Applying Dijkstra SPF Math to Find the Best Routes

The link-state flooding process results in every router having an identical copy of the LSDB in memory, but the flooding process alone does not cause a router to learn what routes to add to the IP routing table.  The information in the LSDB does not explicitly state each router’s best route to reach a destination.  Link-state protocols must use another major part of the link-state algorithm to find and add routes to the IP routing table – routes that list a subnet number and mask, an outgoing interface, and a next-hop router IP address.  This process uses something called the Dijkstra Shortest Path First (SPF) algorithm.

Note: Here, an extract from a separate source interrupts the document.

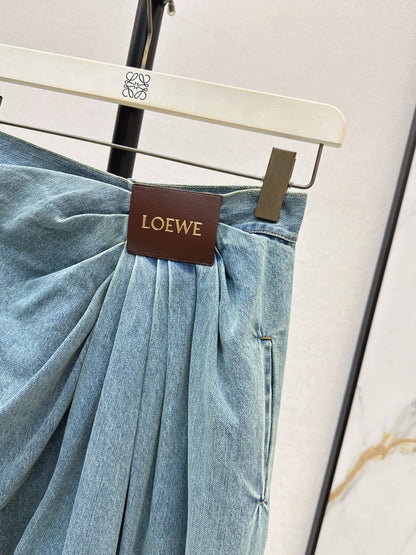 Loe NEW Irregularly pleated jeans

The LSDB holds all the information about all the possible routers and links.  The SPF algorithm defines how a router should process the LSDB, with each router considering itself to be the starting point for the route.  Each router uses itself as the starting point because each router needs to put routes in its own routing table.  The SPF algorithm calculates all the possible routes to reach a subnet, and the cumulative metric for each entire route, for each possible destination subnet.  Each router must view itself as the starting point, and each subnet as the destination, and use the SPF algorithm to look at the LSDB road map to find and pick the best route to each subnet.

Generally, each router runs the SPF process to find all routes to each subnet, and then the SPF algorithm can pick the best route.  To pick the best route, a router’s SPF algorithm adds the cost associated with each link between itself and the destination subnet, over each possible route.